• What you are asked to do: Exact copies of the lines from the one with "Boston Tele humbucker brug chrome" through the last line of the entries, and no pictures, make up the answer.

• Given data:
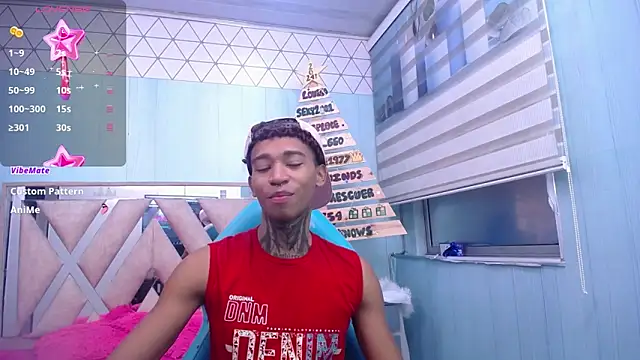 sexy blacks  online show from December 23, 11:25 am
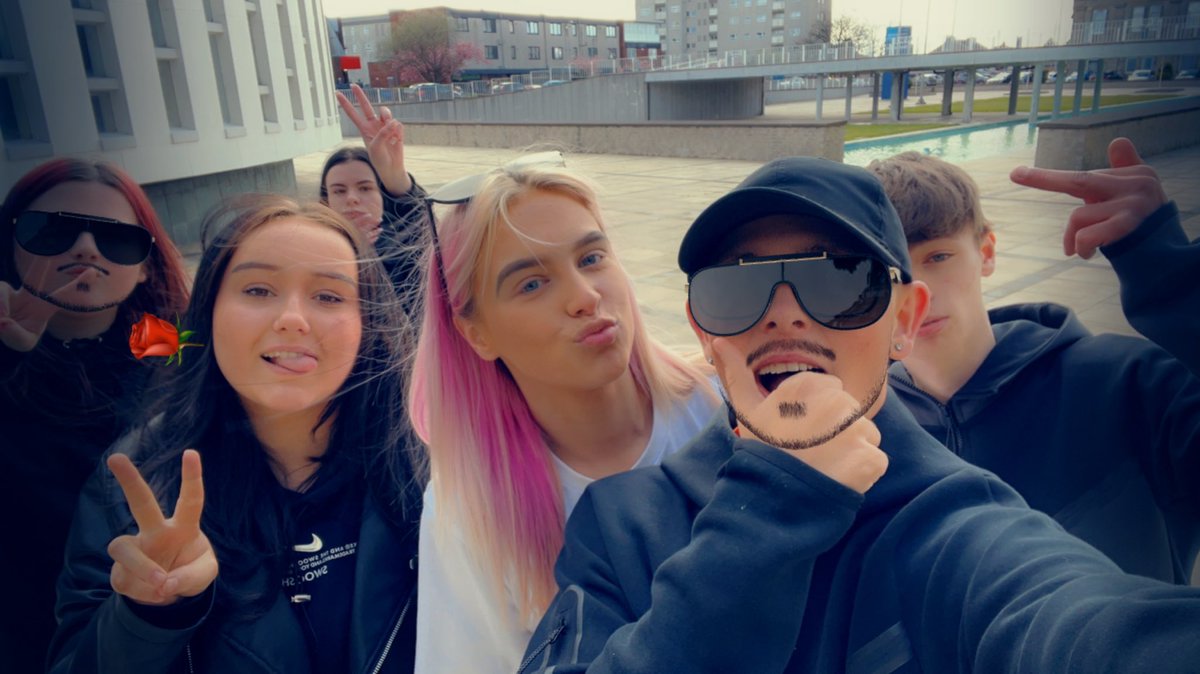 Regen:fx Youth Trust tweet media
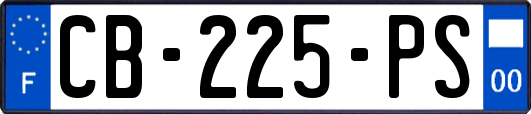 CB-225-PS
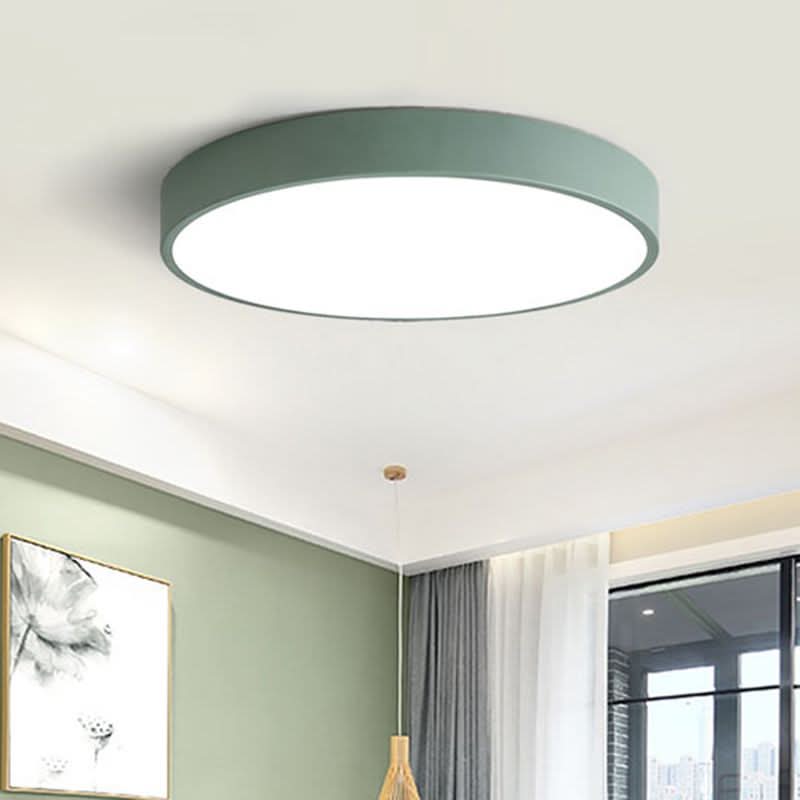 LED Plafondlamp Eterna Luxeround Modern
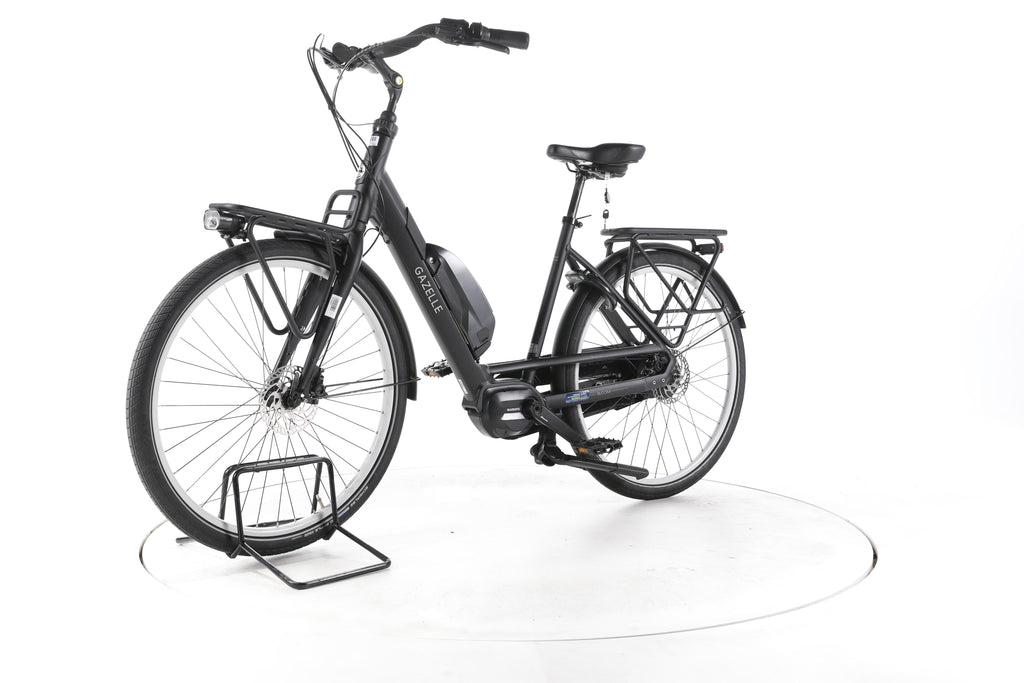 Gazelle Bloom C380 HMS City E-Bike Tiefeinsteiger - Image 6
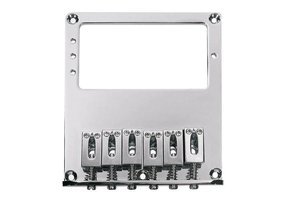 Boston Tele humbucker brug chrome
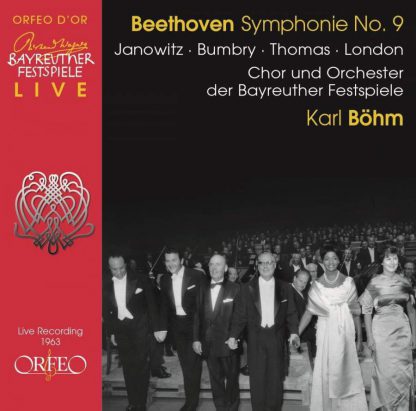 Photo No.1 of Beethoven: Symphony No. 9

• Exercise output:
 Boston Tele humbucker brug chrome
 Photo No.1 of Beethoven: Symphony No. 9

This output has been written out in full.